**What is needed**
From the first record to the last, write out each one exactly.

**Records for processing**

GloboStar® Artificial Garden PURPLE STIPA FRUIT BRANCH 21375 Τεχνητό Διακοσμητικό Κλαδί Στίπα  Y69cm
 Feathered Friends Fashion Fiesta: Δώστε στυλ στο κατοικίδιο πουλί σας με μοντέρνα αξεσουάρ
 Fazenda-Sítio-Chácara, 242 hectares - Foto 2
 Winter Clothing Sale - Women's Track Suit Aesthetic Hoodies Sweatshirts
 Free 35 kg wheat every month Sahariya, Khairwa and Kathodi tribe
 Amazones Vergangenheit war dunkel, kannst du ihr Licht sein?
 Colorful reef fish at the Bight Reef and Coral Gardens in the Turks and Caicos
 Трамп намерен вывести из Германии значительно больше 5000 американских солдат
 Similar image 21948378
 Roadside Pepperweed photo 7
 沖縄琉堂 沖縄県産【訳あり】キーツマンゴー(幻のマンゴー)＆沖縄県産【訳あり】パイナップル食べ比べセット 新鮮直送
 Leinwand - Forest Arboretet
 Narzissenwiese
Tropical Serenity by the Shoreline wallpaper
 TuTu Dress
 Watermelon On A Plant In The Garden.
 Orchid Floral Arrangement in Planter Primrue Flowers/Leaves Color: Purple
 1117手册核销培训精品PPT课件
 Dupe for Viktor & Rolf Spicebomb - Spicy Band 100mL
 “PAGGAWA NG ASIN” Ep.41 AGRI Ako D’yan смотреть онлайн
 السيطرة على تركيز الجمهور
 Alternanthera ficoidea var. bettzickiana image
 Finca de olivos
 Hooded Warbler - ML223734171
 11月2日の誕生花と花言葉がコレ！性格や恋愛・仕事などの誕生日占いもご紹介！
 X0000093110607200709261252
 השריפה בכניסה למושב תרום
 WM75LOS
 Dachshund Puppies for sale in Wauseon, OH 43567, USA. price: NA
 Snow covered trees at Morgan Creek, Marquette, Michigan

**Result for this task**
GloboStar® Artificial Garden PURPLE STIPA FRUIT BRANCH 21375 Τεχνητό Διακοσμητικό Κλαδί Στίπα  Y69cm
 Feathered Friends Fashion Fiesta: Δώστε στυλ στο κατοικίδιο πουλί σας με μοντέρνα αξεσουάρ
 Fazenda-Sítio-Chácara, 242 hectares - Foto 2
 Winter Clothing Sale - Women's Track Suit Aesthetic Hoodies Sweatshirts
 Free 35 kg wheat every month Sahariya, Khairwa and Kathodi tribe
 Amazones Vergangenheit war dunkel, kannst du ihr Licht sein?
 Colorful reef fish at the Bight Reef and Coral Gardens in the Turks and Caicos
 Трамп намерен вывести из Германии значительно больше 5000 американских солдат
 Similar image 21948378
 Roadside Pepperweed photo 7
 沖縄琉堂 沖縄県産【訳あり】キーツマンゴー(幻のマンゴー)＆沖縄県産【訳あり】パイナップル食べ比べセット 新鮮直送
 Leinwand - Forest Arboretet
 Narzissenwiese
Tropical Serenity by the Shoreline wallpaper
 TuTu Dress
 Watermelon On A Plant In The Garden.
 Orchid Floral Arrangement in Planter Primrue Flowers/Leaves Color: Purple
 1117手册核销培训精品PPT课件
 Dupe for Viktor & Rolf Spicebomb - Spicy Band 100mL
 “PAGGAWA NG ASIN” Ep.41 AGRI Ako D’yan смотреть онлайн
 السيطرة على تركيز الجمهور
 Alternanthera ficoidea var. bettzickiana image
 Finca de olivos
 Hooded Warbler - ML223734171
 11月2日の誕生花と花言葉がコレ！性格や恋愛・仕事などの誕生日占いもご紹介！
 X0000093110607200709261252
 השריפה בכניסה למושב תרום
 WM75LOS
 Dachshund Puppies for sale in Wauseon, OH 43567, USA. price: NA
 Snow covered trees at Morgan Creek, Marquette, Michigan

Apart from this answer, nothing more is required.